So…when the gentleman, who was looking at some of my other old furniture, noticed the glove boxes and told me about their use, I was reminded of tea parties and tea time traditions.

Tea Parties Popular Topic

I’ve also discovered that tea and tea parties and accompanying recipes are popular topics. One lady remarked that reading my Country Kitchen newspaper column was like sitting down and chatting with me over a cup of tea.

I hope I make you feel welcome and that you enjoy our “chats” on the many and diverse topics I discover to share with you.

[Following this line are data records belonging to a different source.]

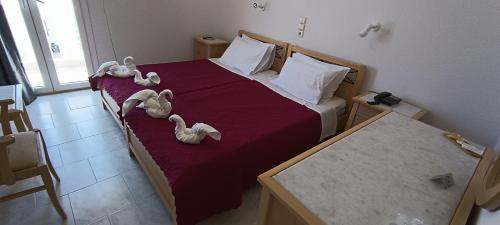 a bedroom with a bed with stuffed animals on it at ΣΕΡΙΦΟΣ ΜΠΙΤς in Livadion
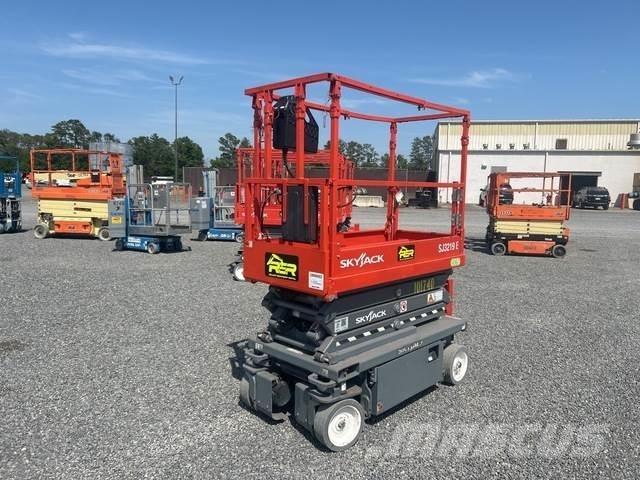 SkyJack SJ3219 Saksilavat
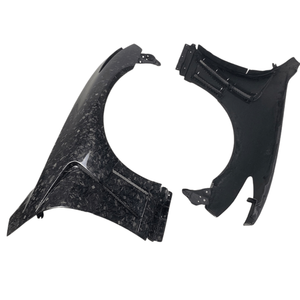 Parafango Anteriore Ventilato in Fibra di Carbonio Marca YT, Adatto per Infiniti G37 Coupé e Berlina Quattro Porte (Modelli 2007 - 2013) - Product Image 2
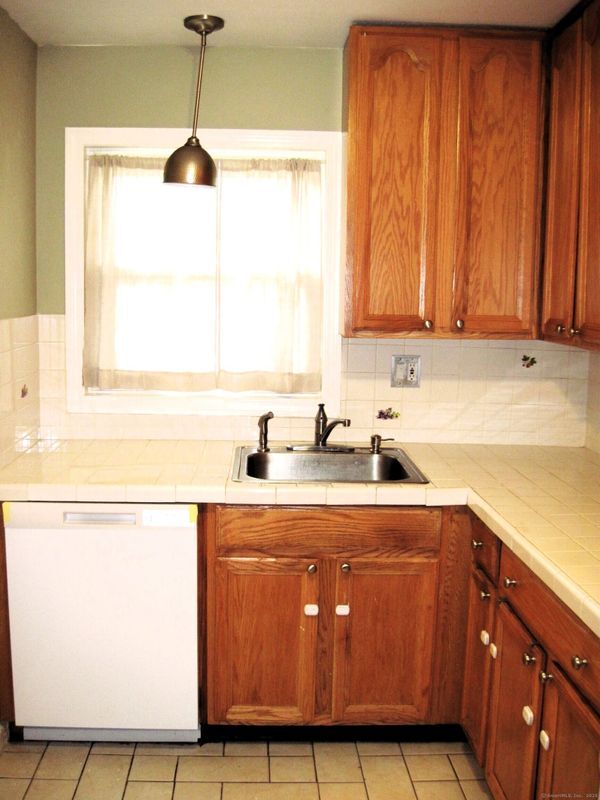 Building Photo - 11 Camelot Dr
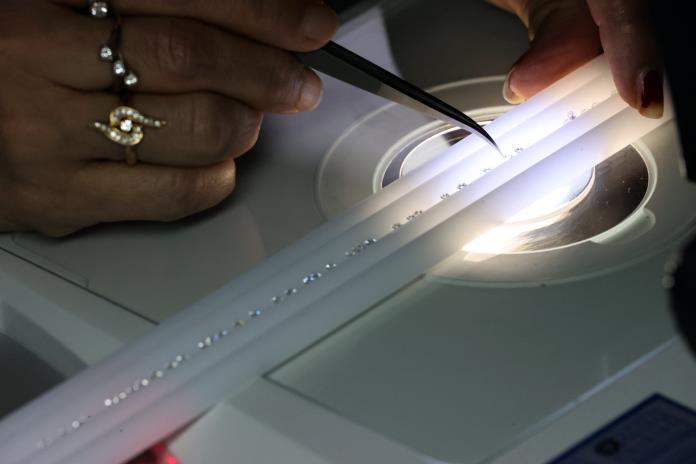 El comercio de diamantes se apresta para las sanciones europeas a las gemas rusas El comercio de diamantes se apresta para las sanciones europeas a las gemas rusas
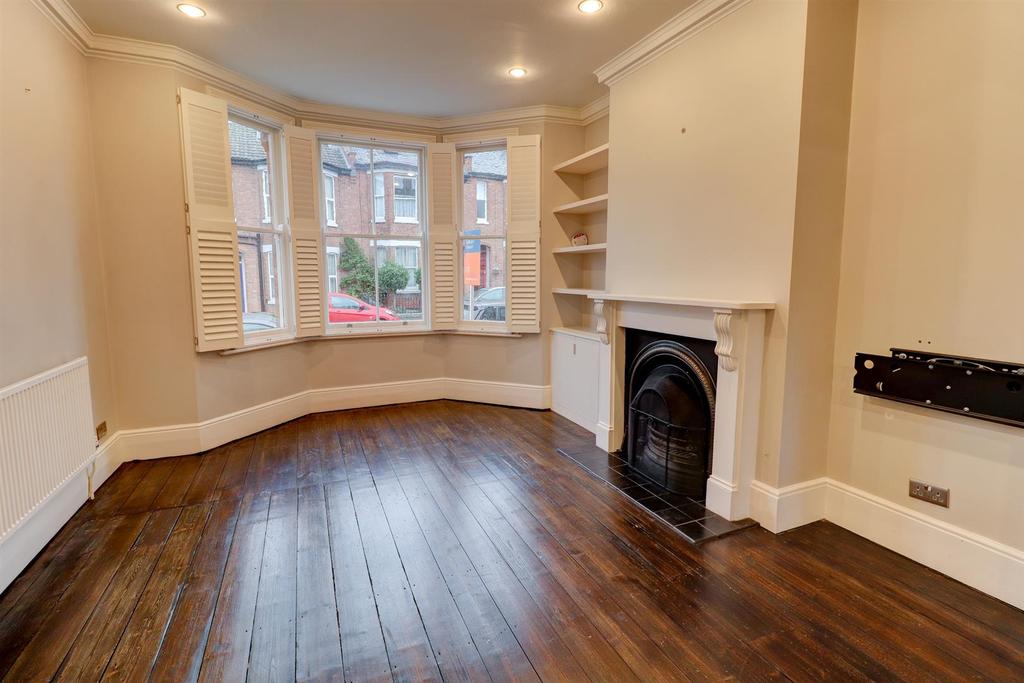 Wathen Road, Leamington Spa 3 bed terraced house £1,595 pcm (£368 pw)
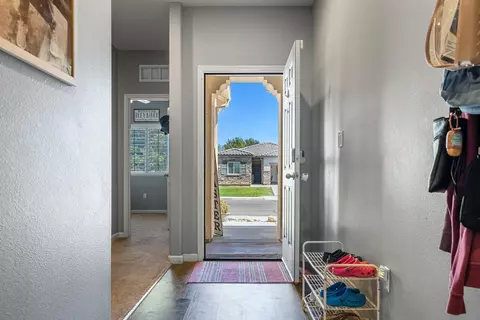 Entry Way - 172 Adobe Ct, Coalinga, CA 93210 photo 2 of 5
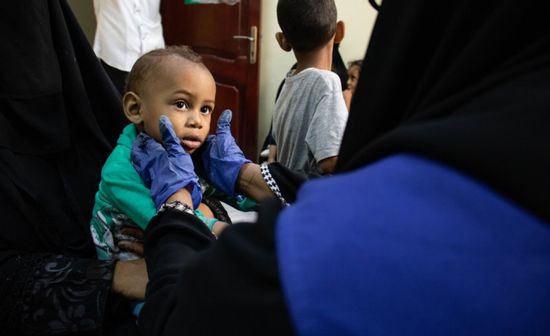 "الدولية للهجرة" تدعم مرافق صحية في عدن بالأدوية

Tea party foods are varied

There are traditional English teas. Then Americanized versions. My grandmother and aunt might have freshly baked bread with churned butter and homemade jelly. Auntie usually had cookies, too.At the nursing home, Mother enjoyed muffins we picked up at a fast food restaurant. The grandchildren liked them or cookies we might bring with us.

CRAZY QUILT BREAD might be a fun recipe to try for serving with tea. Mix together ½ cup sugar, 1 egg, 1 ¼ cups milk, 3 cups biscuit mix; beat quickly for 30 seconds. Batter should be somewhat lumpy. Stir in ½ cup mixed candied fruit and ½ cup chopped nuts.

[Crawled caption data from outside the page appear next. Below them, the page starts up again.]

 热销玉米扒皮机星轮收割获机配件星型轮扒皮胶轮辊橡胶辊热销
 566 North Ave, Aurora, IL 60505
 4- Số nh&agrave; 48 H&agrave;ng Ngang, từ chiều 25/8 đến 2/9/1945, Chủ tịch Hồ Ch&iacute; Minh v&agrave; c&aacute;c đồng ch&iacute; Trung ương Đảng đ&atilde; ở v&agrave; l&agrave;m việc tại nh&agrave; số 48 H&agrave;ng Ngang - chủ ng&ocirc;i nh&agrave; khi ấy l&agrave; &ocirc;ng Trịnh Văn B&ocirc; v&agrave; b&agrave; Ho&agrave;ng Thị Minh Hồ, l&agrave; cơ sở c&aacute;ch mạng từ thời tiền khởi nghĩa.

Pour into a greased and floured 9 x 5 x 3-inch loaf pan. Bake at 350 degrees F. for 45-50 minutes or until inserted toothpick comes out clean. There probably will be a crack on the top. Cool before slicing.(Variation; You may want to bake it in a 9-inch square pan at same temperature but for less time.)

©2008 Mary Emma Allen

Mary Emma Allen researches and writes from her NH home or during her travels. Visit her latest blog The “Green” Vagabond Traveler (http://greenvagabondtraveler.blogspot.com/).

2 comments:

Eileen Bergen said...

What a lovely blog. I DO feel like we've just had a lovely chat over tea (except I don't drink tea). ;-)

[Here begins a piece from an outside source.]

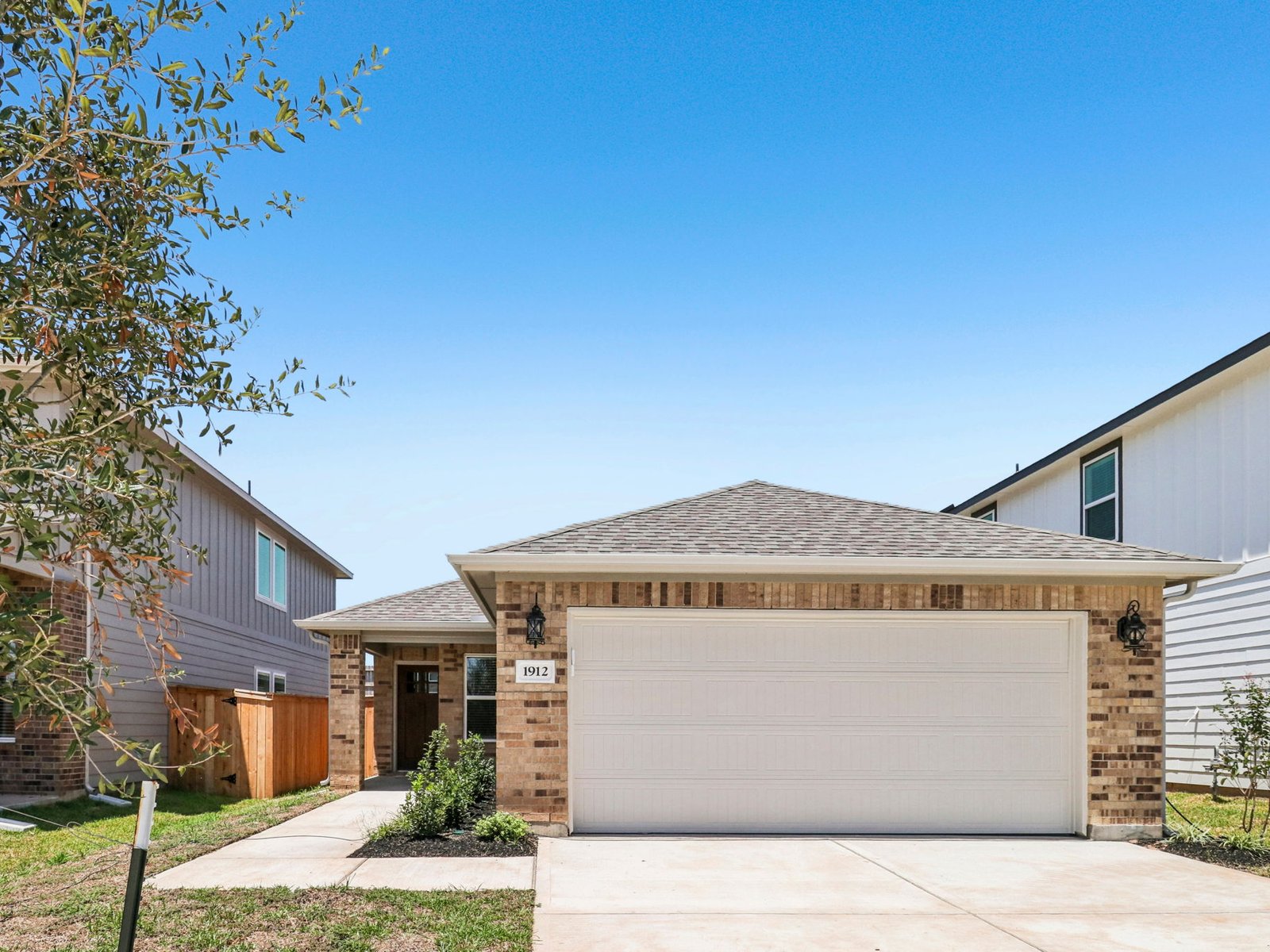 A Quick Move-in The Pinnacle (347) Floorplan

Your reminiscences bring back some of my own. I remember two of my siblings and me being sent to visit and stay with friends in the country every summer so we could go to the Wisconsin State Fair.

Fairs back then were always in the country and centered around farming, livestock and domestic arts.

In our hosts' bedroom was a beautiful dressing table much like you describe here.

Thanks for the memories ... and please keep blogging!